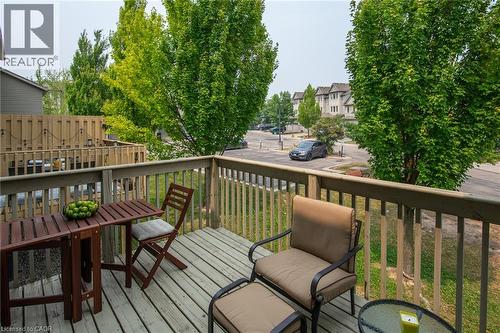 Private deck featuring wood-finish decking and railing - 38 David Bergey Drive, Kitchener, ON - Outdoor With Exterior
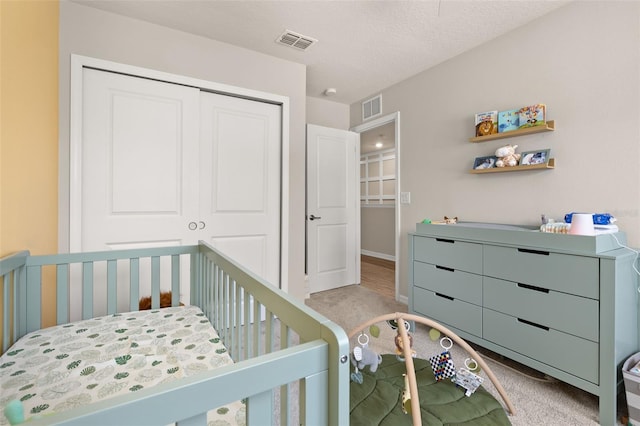 bedroom with light colored carpet, a closet, and baseboards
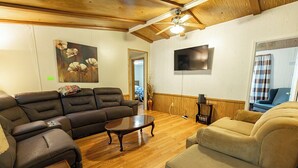 A living room with a sectional sofa, a coffee table, and a television mounted on the wall. - Peaceful Cabin in New Concord, KY on Kentucky Lake at Missing Hill Resort (New Concord)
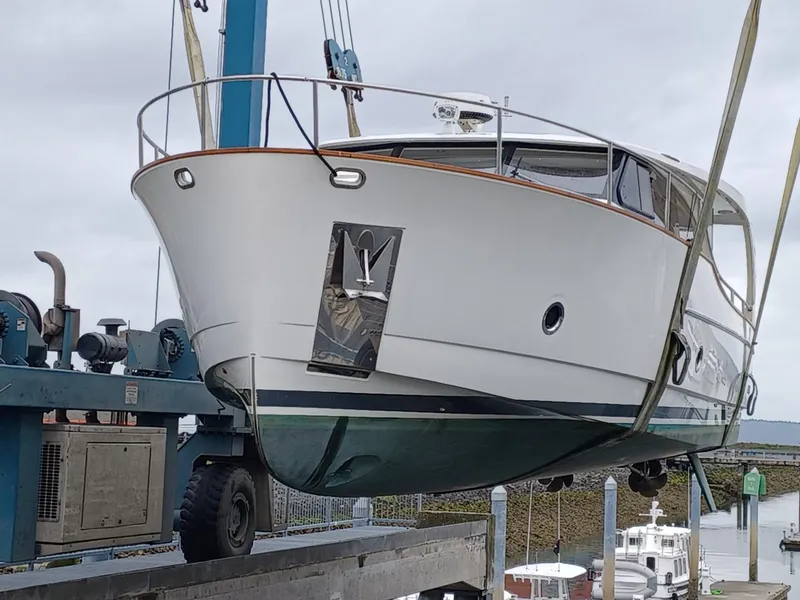Slide: The Image of 2020 Greenline 40 yacht being lifted by a crane at a marina. - 2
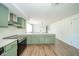Updated kitchen with green cabinets, modern appliances and granite countertops offers plenty of space at 1605 Westlane Rd, Indianapolis, IN 46260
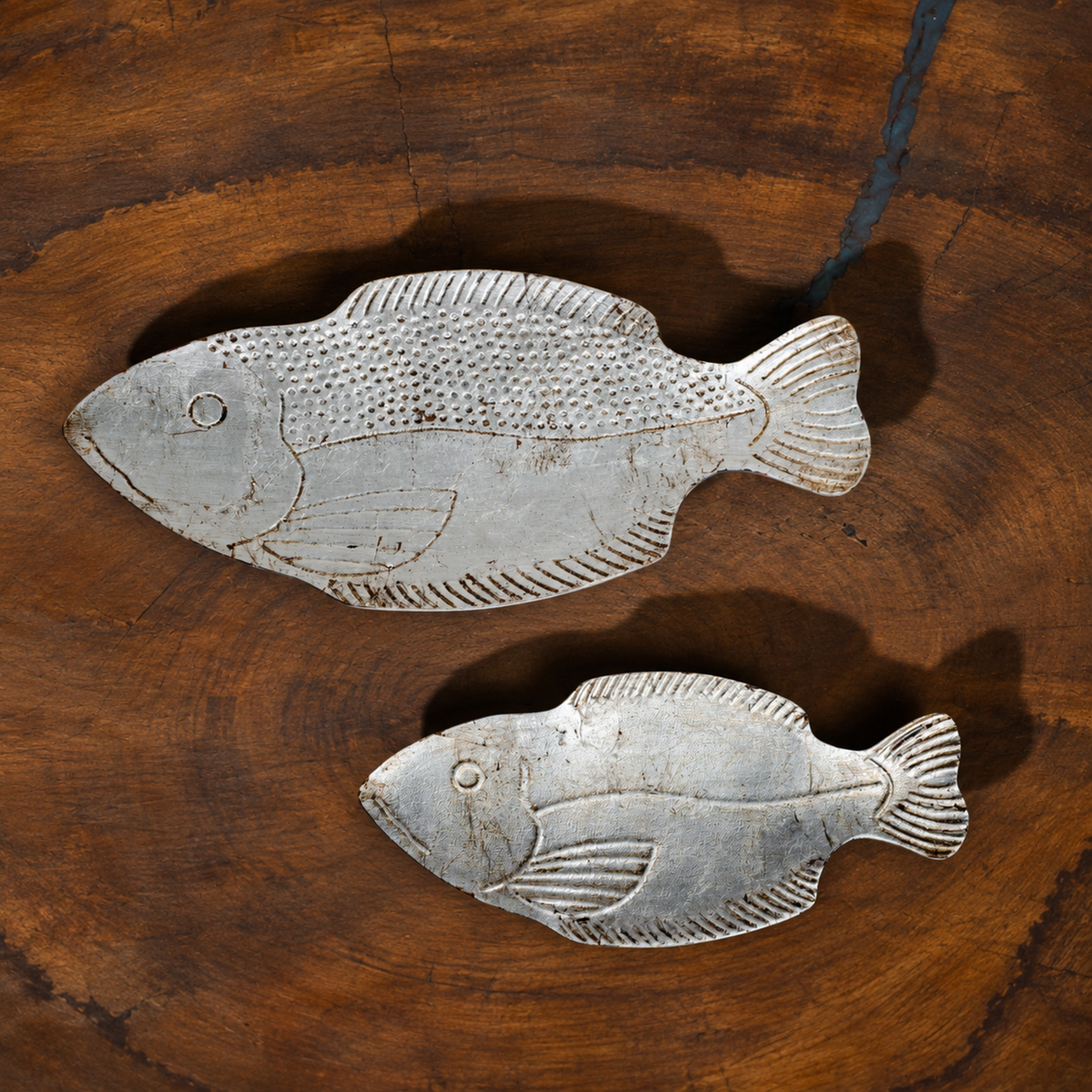 Top view of the two Matsya fish-shaped wooden serving platters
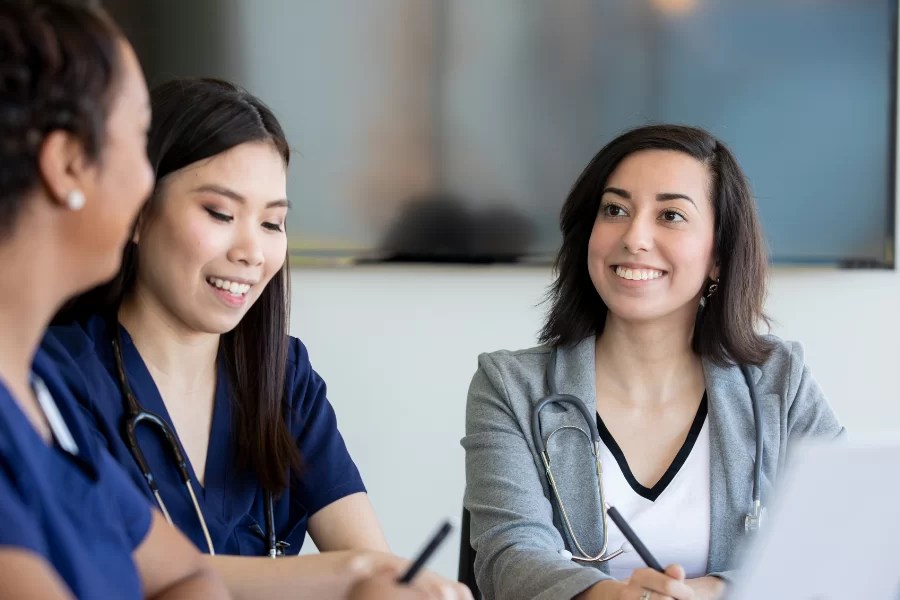 two women smiling while writing notes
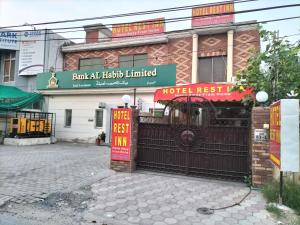 a hotel next to a building with a gate at Hotel Rest INN in Lahore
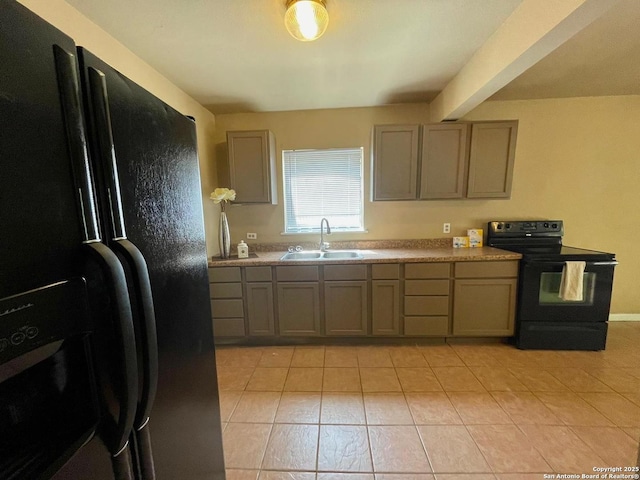 kitchen with light tile patterned floors, light countertops, gray cabinetry, black appliances, and a sink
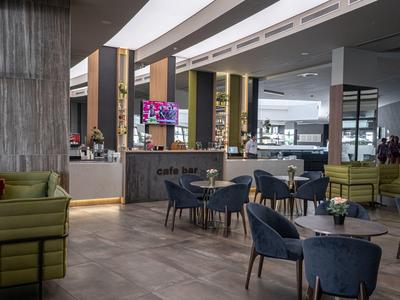 Moderne hotel lounge met blauwe stoelen, groene bank en goed verlichte cafebar.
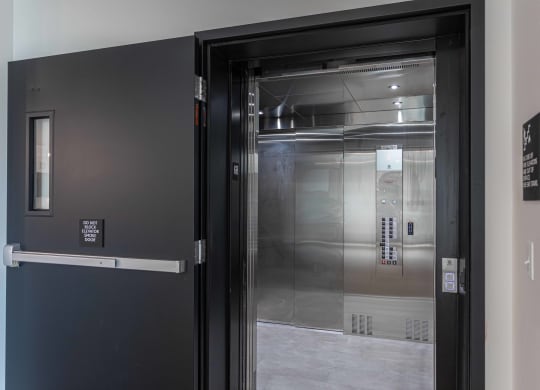 the door to the elevator in the lobby of a building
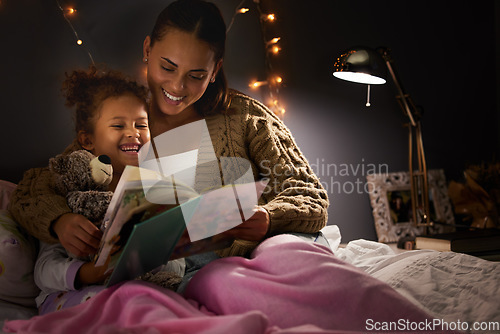 Image of Night, book and mother with daughter in bedroom for storytelling, fantasy and creative. Education, learning and love with woman reading to young girl in family home for bedtime, literature and relax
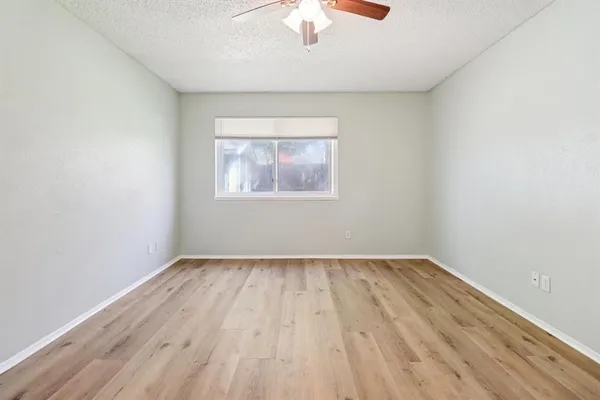 an empty room with wooden floor chandelier fan and windows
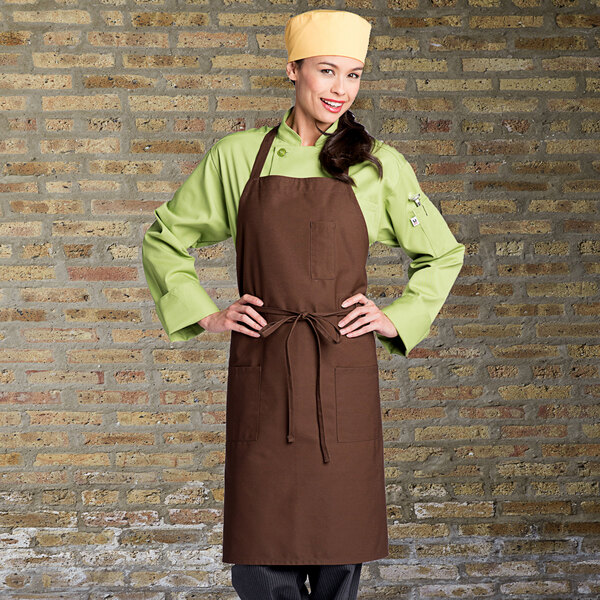 A woman wearing a brown Uncommon Chef bib apron with pockets.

■ ■ ■ ■

→ What you should do: An exact, image-free transcription of all the records above is needed.

→ Task answer:
 Private deck featuring wood-finish decking and railing - 38 David Bergey Drive, Kitchener, ON - Outdoor With Exterior
 bedroom with light colored carpet, a closet, and baseboards
 A living room with a sectional sofa, a coffee table, and a television mounted on the wall. - Peaceful Cabin in New Concord, KY on Kentucky Lake at Missing Hill Resort (New Concord)
Slide: The Image of 2020 Greenline 40 yacht being lifted by a crane at a marina. - 2
Updated kitchen with green cabinets, modern appliances and granite countertops offers plenty of space at 1605 Westlane Rd, Indianapolis, IN 46260
 Top view of the two Matsya fish-shaped wooden serving platters
 two women smiling while writing notes
 a hotel next to a building with a gate at Hotel Rest INN in Lahore
 kitchen with light tile patterned floors, light countertops, gray cabinetry, black appliances, and a sink
 Moderne hotel lounge met blauwe stoelen, groene bank en goed verlichte cafebar.
 the door to the elevator in the lobby of a building
 Image of Night, book and mother with daughter in bedroom for storytelling, fantasy and creative. Education, learning and love with woman reading to young girl in family home for bedtime, literature and relax
 an empty room with wooden floor chandelier fan and windows
 A woman wearing a brown Uncommon Chef bib apron with pockets.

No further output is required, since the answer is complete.